Obesity is a recognized and studied risk factor for the development of esophageal adenocarcinoma (EG). Chronic gastroesophageal reflux disease (GERD) and subsequent development of Barrett’s esophagus are the leading cause for the increased incidence of cancer in such individuals. Pathophysiologic mechanisms leading to GERD in obese patients involve the presence of hiatal hernia, weak lower esophageal sphincter (LES), transient LES relaxation, altered gastroesophageal pressure gradient, and esophageal factors (for example, poor esophageal clearance and altered esophageal motility) [61]. Although these are the most important factors, other reflux-independent mechanisms can be involved, such as low-grade chronic inflammatory state, metabolic syndrome with increased circulating hormones with carcinogenic effect, including insulin and insulin-like growth factor [62].
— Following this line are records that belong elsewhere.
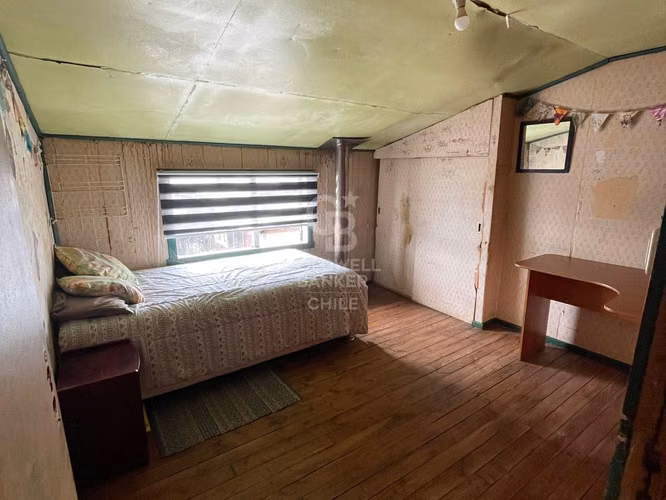 Casa en los Muermos, con tres locales funcionando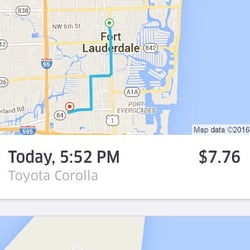 Uber - Now that's a great fare !!!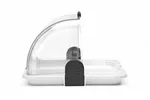 Witrynka pojedyncza Roll top, 465x310x190mm Hendi 871706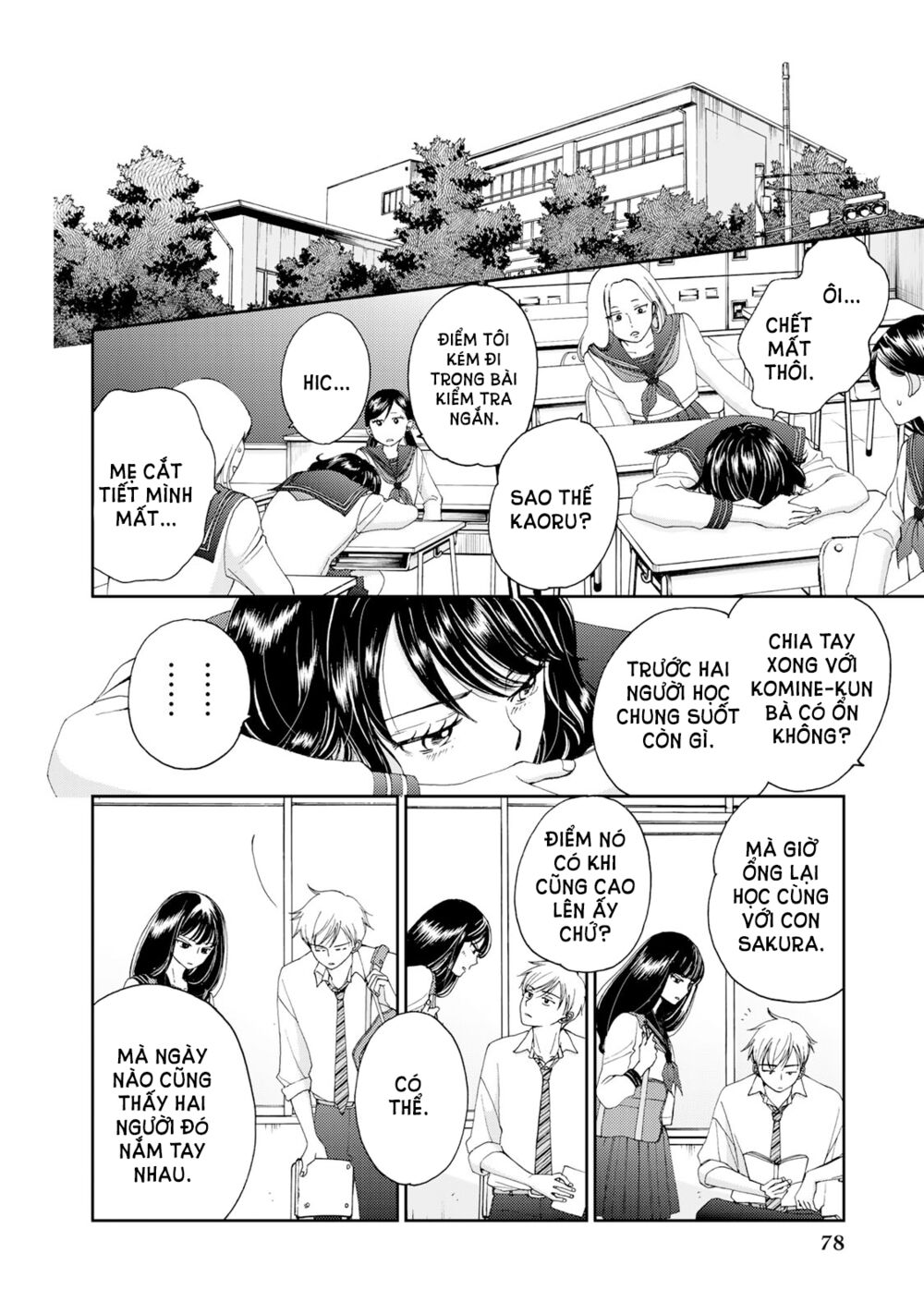 Naraku No Futari Chapter 4 - Trang 8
However, in these days, with the obesity epidemic, an increasing number of bariatric surgeries are being performed worldwide and some cases of esophageal cancer after metabolic surgery are being reported. Esophageal cancer after surgery was considered rare and the majority, in the past, were only published as sporadic case reports [62].

More studies are beginning to address this issue with theories concerning the possibility of a causal relationship. Reported cases of gastric carcinoma classically arise in a milieu of intestinal metaplasia, atrophy, and foveolar hyperplasia both in restrictive procedures and in Roux-en-Y Gastric Bypass (RYGB) remnant [62]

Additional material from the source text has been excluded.